Artists, teachers, students and anyone interested in scientific exploration are invited to experience current research at the University of Arizona through this unique exhibition!

All images were taken by students, staff and faculty of the University of Arizona and Arizona State Museum. The exhibition is mounted with financial assistance from the National Science Foundation/University of Arizona Integrative Graduate Education and Research Traineeship (IGERT) program in archaeological science.
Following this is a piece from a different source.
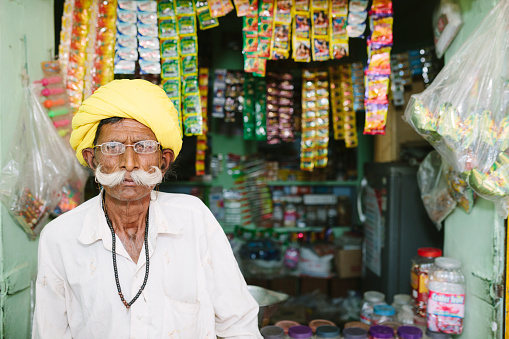 Senior man at his kiosk, Sabbalpura village, Rajasthan, India.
View a Video Podcast of a Visit to the Exhibition with Co-curator David Killick

Sample Images from the Exhibition

Magnified linen fibers from the Shroud of Turin

Magnified linen fibers from the Shroud of Turin, image by Rachel Freer, visiting research fellow, Arizona State Museum

The Shroud of Turin has been the source of much controversy over the last couple of decades. It had been requested that the specific sample radio carbon dated by the Arizona Accelerator Mass Spectrometry Laboratory be examined for authenticity. Polarized Light Microscopy was used to confirm that the major fiber content of the sample is linen.

Micrograph of 17th Century slag

Slag from 17th century New Mexico workshop; image by Noah Thomas, recent PhD recipient in anthropology

The slag sample pictured here was recovered from the 17th century Spanish Colonial metal smelting workshop at the Pueblo of Paa-ko in New Mexico. The rosette in this transmitted light image is tridymite, a form of silica formed at high temperatures, indicating that the metallurgy practiced at this site used a forced draft capable of sustaining temperatures above 1000° C.

Slag from ancient iron smelting in Madagascar

Slag from ancient iron smelting in Madagascar; image by David Killick, UA professor of anthropology

A metallurgical slag from ancient iron smelting in Madagascar. A thin slice was glued to a glass slide and polished to a thickness of only 0.03 mm. It is photographed here at a magnification of 200x in cross polarized transmitted light. All of the brightly colored crystals are of the same mineral (an iron silicate called fayalite) but display different colors because the lattices of each crystal are at different angles to the plane of the section. The black network within the fayalite crystals is of a second mineral, an iron-aluminium spinel called hercynite, that crystallized at the same time as the fayalite, giving rise to complex intergrowths of the two minerals.